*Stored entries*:
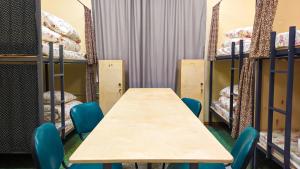 a table and chairs in a room with bunk beds at Sun Hostel in Almaty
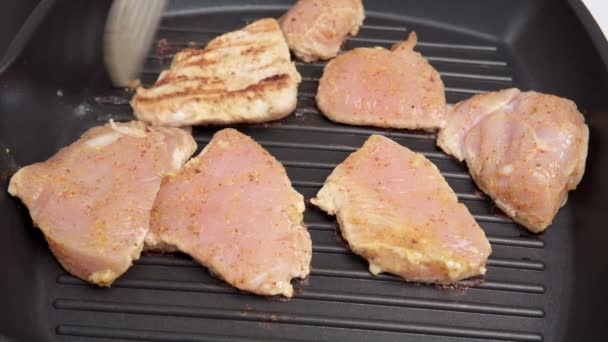 Surowy filet z kurczaka na patelni. gotowanie jedzenia. Kawałki kurczaka — Wideo stockowe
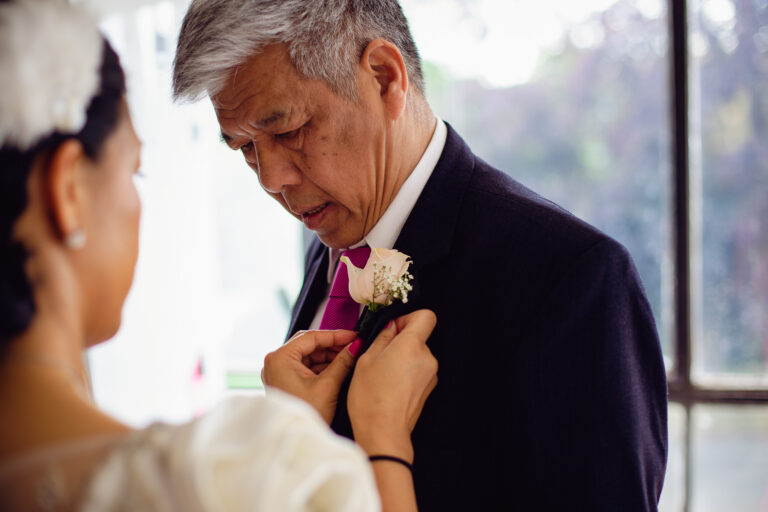 Bride attaching a buttonhole to her dad's jacket in preparation for her wedding day.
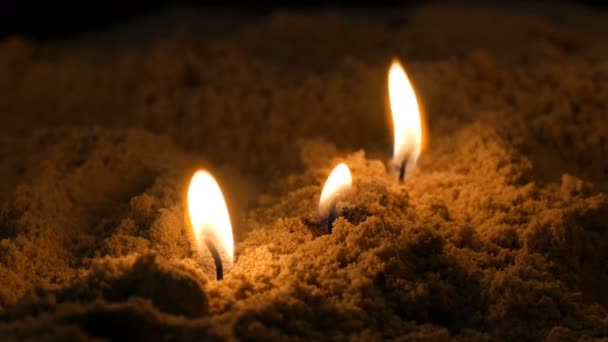 Dlouhé tenké žluté kostelní svíčky hoří v písku — Stock video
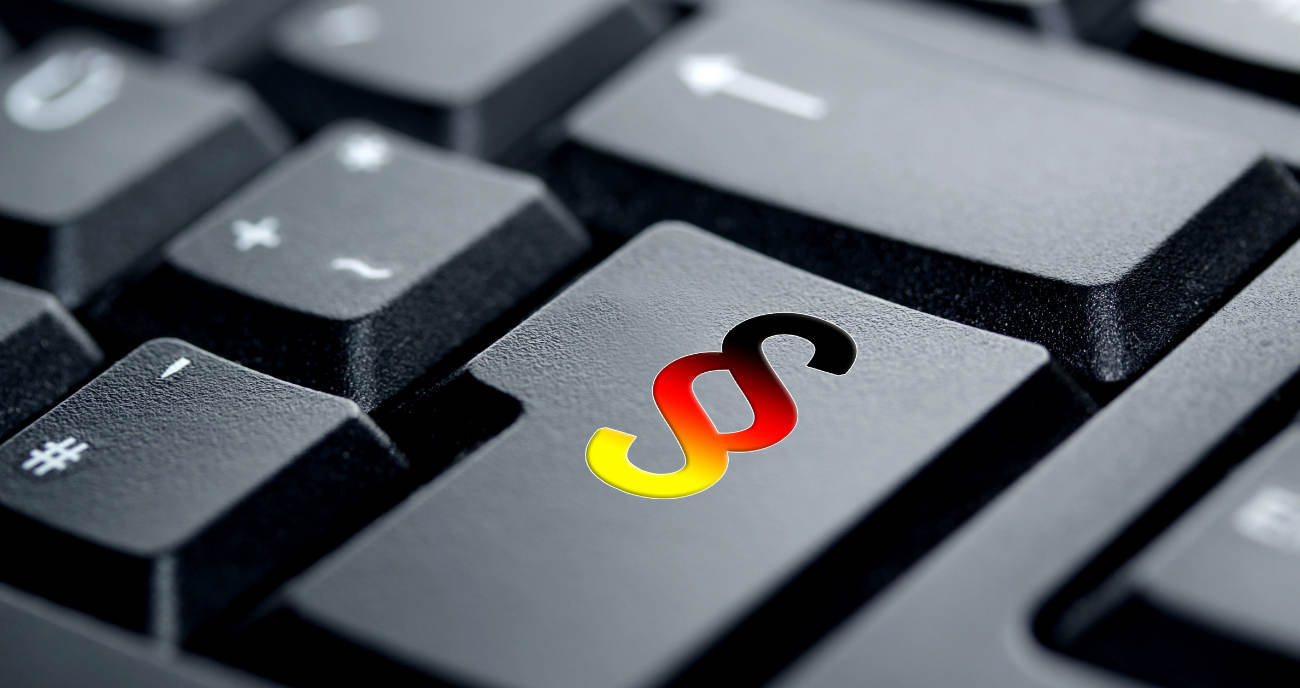 Die Tastatur eines Notebooks. Schwarz. Auf einer Taste ist in den Deutschlandfarben das Symbol für einen Paragrafen zu sehen. Ein Symbolbild für IT-Sicherheitsstrategie nach BSI-Standard.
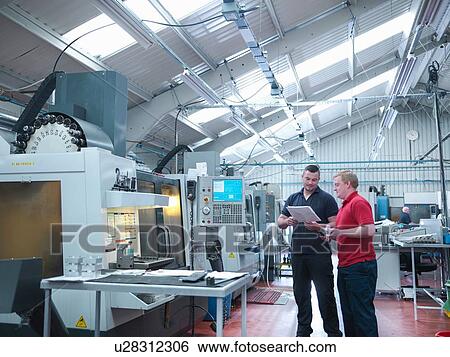 Engineers discussing work in front of CNC machines in engineering factory View Large Photo Image Stock Photograph - Engineers discussing work in front of CNC machines in engineering factory. Fotosearch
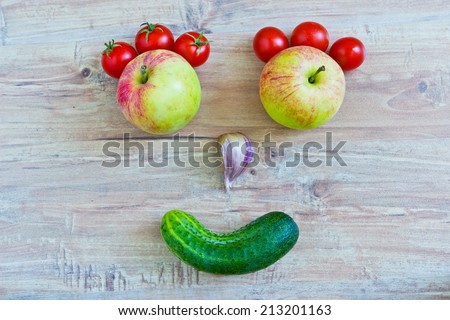 Funny smiling face. Conceptual horizontal image with vegetables. Objects at the central part of image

*WHAT TO DO*:
Please reproduce exactly, and nothing more, the lines from the one containing "Surowy filet z" through the last line of the entries, both included; pictures stay out.

*WORKED SOLUTION*:
 Surowy filet z kurczaka na patelni. gotowanie jedzenia. Kawałki kurczaka — Wideo stockowe
 Bride attaching a buttonhole to her dad's jacket in preparation for her wedding day.
 Dlouhé tenké žluté kostelní svíčky hoří v písku — Stock video
 Die Tastatur eines Notebooks. Schwarz. Auf einer Taste ist in den Deutschlandfarben das Symbol für einen Paragrafen zu sehen. Ein Symbolbild für IT-Sicherheitsstrategie nach BSI-Standard.
 Engineers discussing work in front of CNC machines in engineering factory View Large Photo Image Stock Photograph - Engineers discussing work in front of CNC machines in engineering factory. Fotosearch
 Funny smiling face. Conceptual horizontal image with vegetables. Objects at the central part of image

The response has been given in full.